INSTRUCTIONS TO FOLLOW:
List each line of the data that holds the string "Philippe", please.

Stored items from a collection:
++++++
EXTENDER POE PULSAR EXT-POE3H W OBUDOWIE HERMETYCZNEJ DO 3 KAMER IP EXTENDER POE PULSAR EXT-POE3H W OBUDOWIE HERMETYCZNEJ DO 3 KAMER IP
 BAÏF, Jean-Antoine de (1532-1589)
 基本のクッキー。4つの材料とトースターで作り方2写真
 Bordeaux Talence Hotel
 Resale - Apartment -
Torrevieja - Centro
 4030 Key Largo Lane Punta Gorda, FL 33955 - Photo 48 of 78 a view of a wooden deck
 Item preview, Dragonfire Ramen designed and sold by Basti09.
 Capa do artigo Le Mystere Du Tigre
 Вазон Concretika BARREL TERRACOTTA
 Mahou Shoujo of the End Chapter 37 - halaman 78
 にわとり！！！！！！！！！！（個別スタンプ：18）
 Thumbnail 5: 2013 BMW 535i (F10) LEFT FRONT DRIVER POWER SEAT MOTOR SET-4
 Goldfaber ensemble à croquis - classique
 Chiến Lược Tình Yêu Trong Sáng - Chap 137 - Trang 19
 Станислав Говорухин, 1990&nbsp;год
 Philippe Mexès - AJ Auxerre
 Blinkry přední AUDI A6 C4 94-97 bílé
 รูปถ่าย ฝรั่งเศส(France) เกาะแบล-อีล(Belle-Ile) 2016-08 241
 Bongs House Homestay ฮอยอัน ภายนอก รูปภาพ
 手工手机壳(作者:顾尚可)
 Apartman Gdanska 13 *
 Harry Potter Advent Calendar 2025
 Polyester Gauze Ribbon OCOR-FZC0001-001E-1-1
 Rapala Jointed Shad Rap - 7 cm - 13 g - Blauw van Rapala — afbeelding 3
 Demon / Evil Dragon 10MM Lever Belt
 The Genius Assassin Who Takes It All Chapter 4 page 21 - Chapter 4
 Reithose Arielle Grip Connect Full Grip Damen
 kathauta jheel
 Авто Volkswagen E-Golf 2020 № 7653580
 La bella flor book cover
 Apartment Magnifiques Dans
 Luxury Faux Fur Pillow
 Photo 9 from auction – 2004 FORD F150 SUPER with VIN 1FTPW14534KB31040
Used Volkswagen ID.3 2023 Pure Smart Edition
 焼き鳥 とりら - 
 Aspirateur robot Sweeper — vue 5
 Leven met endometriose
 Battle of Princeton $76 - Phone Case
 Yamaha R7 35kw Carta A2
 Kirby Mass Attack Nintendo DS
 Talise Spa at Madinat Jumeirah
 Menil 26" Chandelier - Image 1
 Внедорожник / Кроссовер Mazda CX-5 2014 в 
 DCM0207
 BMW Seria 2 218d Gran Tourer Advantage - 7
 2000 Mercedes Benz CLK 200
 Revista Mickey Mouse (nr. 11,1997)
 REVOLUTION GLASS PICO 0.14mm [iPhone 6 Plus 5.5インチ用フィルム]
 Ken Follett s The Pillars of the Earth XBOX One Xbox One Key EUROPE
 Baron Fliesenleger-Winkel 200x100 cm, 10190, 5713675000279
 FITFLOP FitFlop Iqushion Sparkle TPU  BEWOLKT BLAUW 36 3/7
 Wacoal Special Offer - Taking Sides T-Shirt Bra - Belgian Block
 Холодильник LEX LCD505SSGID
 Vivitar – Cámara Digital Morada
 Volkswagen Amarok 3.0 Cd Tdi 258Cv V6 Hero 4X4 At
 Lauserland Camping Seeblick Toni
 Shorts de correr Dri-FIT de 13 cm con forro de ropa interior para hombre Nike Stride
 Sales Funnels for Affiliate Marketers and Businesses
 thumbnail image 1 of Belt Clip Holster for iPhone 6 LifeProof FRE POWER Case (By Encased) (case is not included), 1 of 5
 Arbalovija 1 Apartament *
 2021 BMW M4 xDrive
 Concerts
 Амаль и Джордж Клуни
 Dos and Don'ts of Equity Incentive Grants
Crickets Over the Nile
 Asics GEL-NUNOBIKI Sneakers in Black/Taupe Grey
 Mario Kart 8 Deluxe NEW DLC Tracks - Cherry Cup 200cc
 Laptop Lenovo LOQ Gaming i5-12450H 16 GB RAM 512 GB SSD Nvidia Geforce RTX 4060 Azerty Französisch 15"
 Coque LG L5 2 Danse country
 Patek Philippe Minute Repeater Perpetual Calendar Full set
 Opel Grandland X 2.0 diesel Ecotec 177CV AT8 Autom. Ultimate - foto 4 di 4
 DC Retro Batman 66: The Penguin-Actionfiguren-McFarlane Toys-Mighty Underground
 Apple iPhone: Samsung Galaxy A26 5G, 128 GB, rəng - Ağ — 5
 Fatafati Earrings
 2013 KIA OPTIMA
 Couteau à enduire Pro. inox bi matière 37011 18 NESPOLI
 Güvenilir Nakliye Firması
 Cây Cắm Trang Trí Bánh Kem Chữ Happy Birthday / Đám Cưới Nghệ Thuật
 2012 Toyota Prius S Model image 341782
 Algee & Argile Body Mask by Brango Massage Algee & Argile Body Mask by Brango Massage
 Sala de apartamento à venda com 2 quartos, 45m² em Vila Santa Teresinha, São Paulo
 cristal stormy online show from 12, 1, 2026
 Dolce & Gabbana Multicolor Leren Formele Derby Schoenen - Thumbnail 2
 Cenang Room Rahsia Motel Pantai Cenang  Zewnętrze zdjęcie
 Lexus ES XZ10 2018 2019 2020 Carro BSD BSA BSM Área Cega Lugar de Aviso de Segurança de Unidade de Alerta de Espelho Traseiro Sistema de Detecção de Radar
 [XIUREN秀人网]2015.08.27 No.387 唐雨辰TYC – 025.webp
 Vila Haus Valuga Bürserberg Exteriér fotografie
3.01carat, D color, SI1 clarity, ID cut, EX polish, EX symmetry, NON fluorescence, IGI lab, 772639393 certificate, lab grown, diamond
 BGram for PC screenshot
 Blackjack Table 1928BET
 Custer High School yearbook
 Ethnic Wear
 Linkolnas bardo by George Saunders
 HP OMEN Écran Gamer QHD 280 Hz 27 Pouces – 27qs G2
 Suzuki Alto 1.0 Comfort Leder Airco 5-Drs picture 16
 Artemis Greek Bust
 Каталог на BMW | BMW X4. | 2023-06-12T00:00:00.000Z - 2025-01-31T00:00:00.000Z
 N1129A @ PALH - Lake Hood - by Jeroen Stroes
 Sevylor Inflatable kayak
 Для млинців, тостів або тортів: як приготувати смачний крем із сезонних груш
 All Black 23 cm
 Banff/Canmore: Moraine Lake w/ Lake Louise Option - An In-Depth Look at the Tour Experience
++++++
REPLY:
 Philippe Mexès - AJ Auxerre
 Patek Philippe Minute Repeater Perpetual Calendar Full set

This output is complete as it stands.